While I realize this is not going to happen! What I would encourage Mr. Brown to do, is to admit the mistake, apologize remove the item from sale or maybe send Mr. Joyner a royalty. That might go a long way.

One other thought is to encourage other actual manufactures to pull their products from him. Trust me they would not be hurt. I may be wrong but I don't think his piece of the pie is that large.

So basically the choice to make, ignore and condone or take a stand, Every one can make their own decision for whats right for them.

I have made my choice, all have a great day ya'll.


----------



## Dan Masshardt

BJohn said:


> Well as much as I wanted to just let my part of this discussion die. I can't.  But promise this will be be my last comment. (like anyone cares) But I will move on to more positive discussions.  I Don't want people to think I am on the "warpath" Because I am not, I am just stating my opinion. Which may give others that are so inclined some ideas.  While I realize this is not going to happen! What I would encourage Mr. Brown to do, is to admit the mistake, apologize remove the item from sale or maybe send Mr. Joyner a royalty. That might go a long way.  One other thought is to encourage other actual manufactures to pull their products from him. Trust me they would not be hurt.
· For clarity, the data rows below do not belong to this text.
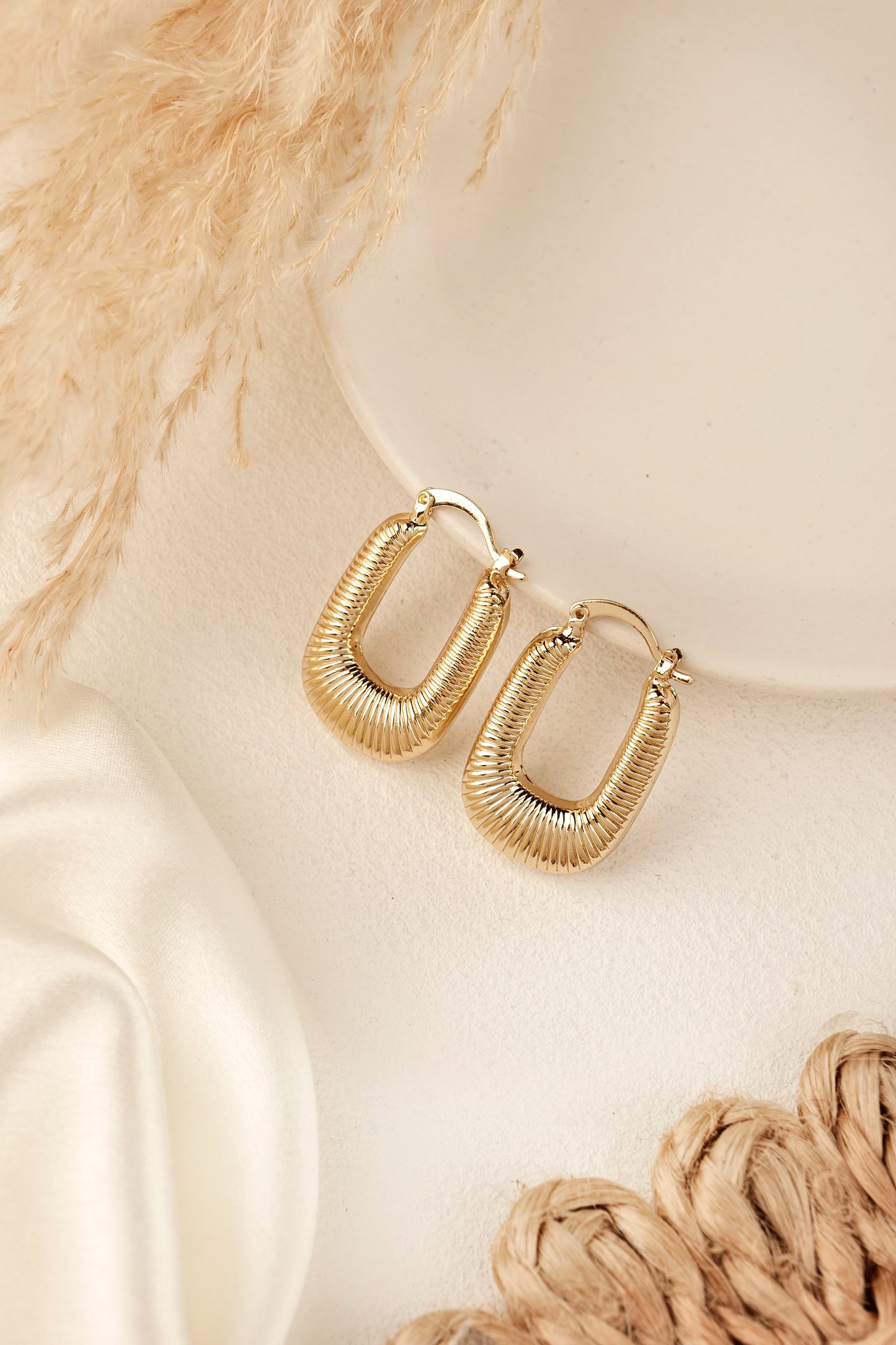 RIBBED OVAL HOOPS EVERYDAY EARRINGS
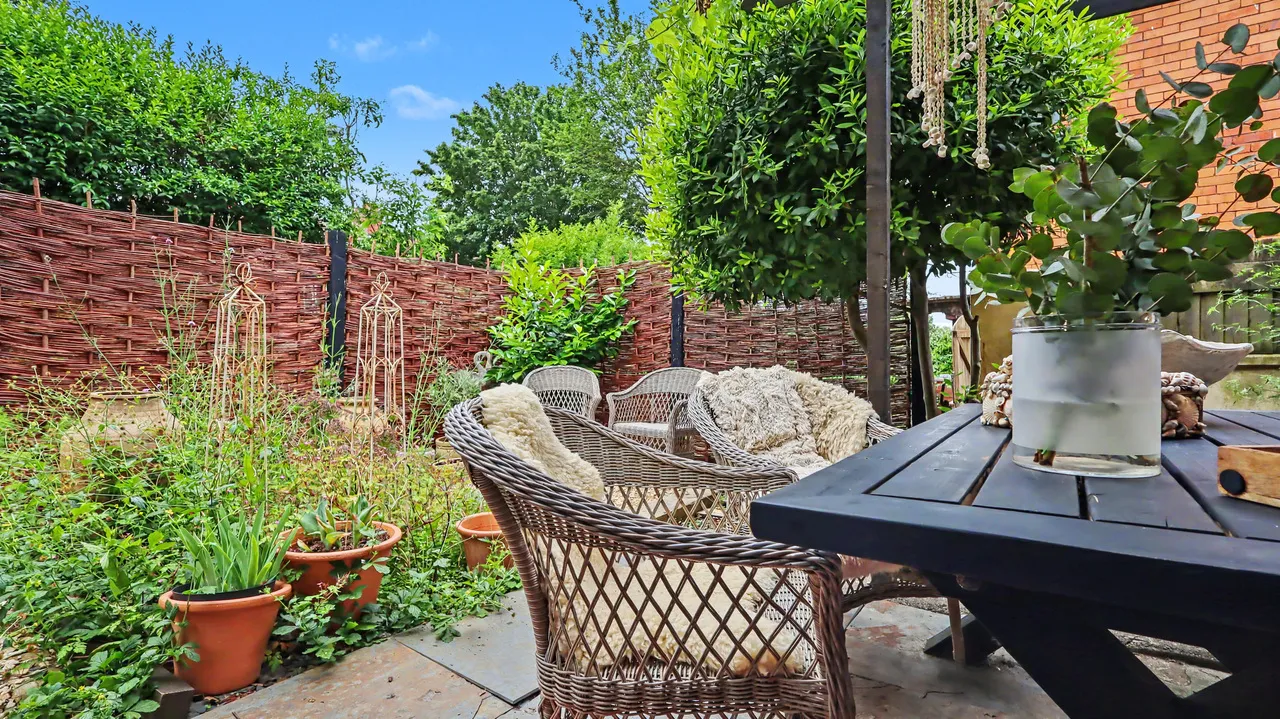 St. Edmunds Road, Glastonbury, photo 16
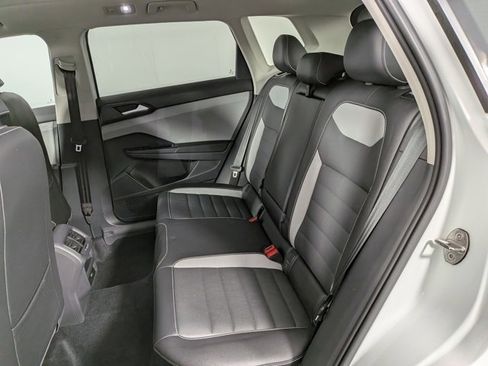 Used 2022 Volkswagen Taos SEL w/ Panoramic Sunroof Package image 25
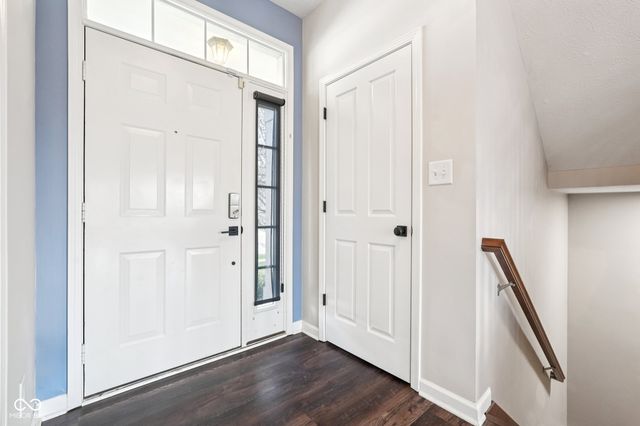 6121 Pine Bluff Drive, Avon, IN 46123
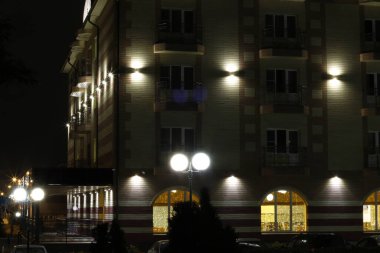 Gece aydınlatma ile bina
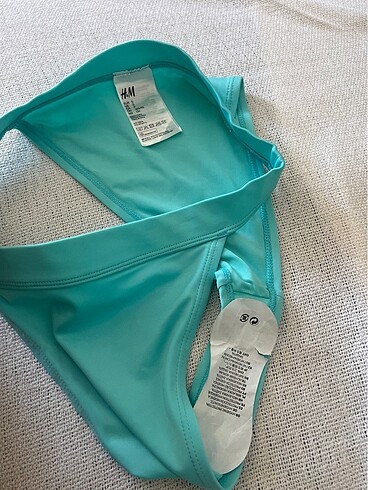 H&M Bikini altı etiketi yok ama hijyen bandı var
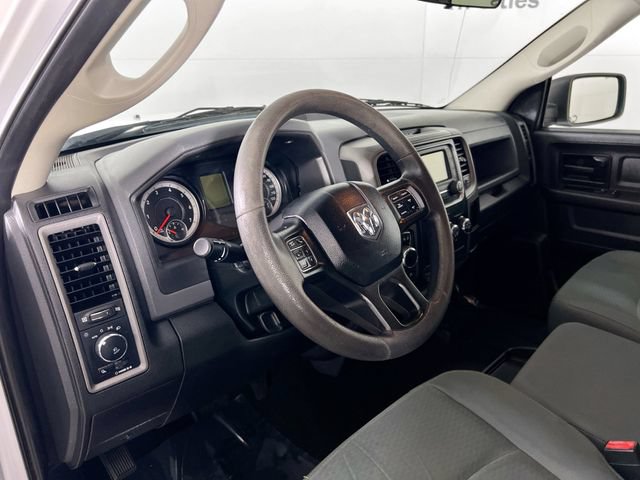 Used 2018 RAM 1500 Express w/ Express Value Package AWD/4WD image 4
I may be wrong but I don't think his piece of the pie is that large.  So basically the choice to make, ignore and condone or take a stand, Every one can make their own decision for whats right for them.  I have made my choice, all have a great day ya'll.



Good comment!  I prob chose a poor word in 'warpath' as it's somewhat negatively connotated.  

I would not fault anybody for taking active efforts to let others know what's going on.    It would prob be good if more people took an active role.


----------



## edstreet

tjseagrove said:


> It may not be patented but it definitely would fall under copyright law.  Copyright exists when something is created even without it being registered.  A direct copy would be copyright infringement and a lawyer who specializes in this part of law should be consulted as we here most likely know enough to get ourselves in trouble...
> 271



Incorrect.  This chuck does not fall under copyright laws, you might want to brush up on patent/trademark/copyright laws.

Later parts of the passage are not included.